Petition for refund of alleged overpayment of income tax.

During the year 1935, the petitioner, Margaret H. Tull, was a resident of the State of North Carolina, and as such, duly filed her income tax return for that year. Thereafter, and within the time allowed by law, the petitioner filed claim for refund, alleging that she had made an overpayment of the tax rightfully due by her.

The facts are not in dispute. Petitioner owned certain stock in the Olympia Investment Corporation, a foreign corporation, and received as a dividend from said corporation during the taxable year in question, 520 shares of the stock of the Coca-Cola Company, another foreign corporation, which, at the time of its receipt, had a market value of $43,355; and in filing her return, this amount was included therein as "dividends from foreign corporations" and a tax of $2,601.30 paid thereon.

The Olympia Investment Corporation was not domesticated in North Carolina during the year 1935 and paid no tax to this State on any part of its income for that year.

The petitioner contended before the Commissioner of Revenue that no income tax was laid upon dividends from stock in foreign corporations by the Revenue Act of 1935, save and except as provided in section 311 1/2 thereof, and that the stock in question did not come within the purview of this section.

The matter was heard by the Commissioner of Revenue on 28 June, 1939, and claim for refund denied. On appeal to the Superior Court of Wake County, the position of the Commissioner of Revenue was upheld.

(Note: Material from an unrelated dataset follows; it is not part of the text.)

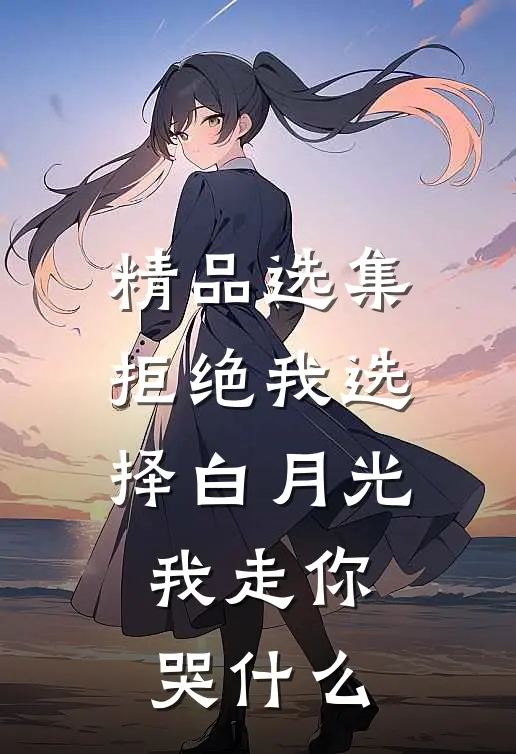 精品选集拒绝我选择白月光，我走你哭什么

From this ruling, the petitioner appeals, assigning error. *501 The pertinent clause in section 311 1/2 of the Revenue Act of 1935 is, that "income from stock in foreign corporations, either in cash of stock dividends, . . . shall be subject to a tax of six per cent," etc.

It is the position of the petitioner that the Coca-Cola stock received by her from the Olympia Investment Corporation in 1935 was neither a "cash" dividend nor a "stock" dividend of the disbursing corporation, and that therefore it was not subject to tax under the above provision of the Revenue Act.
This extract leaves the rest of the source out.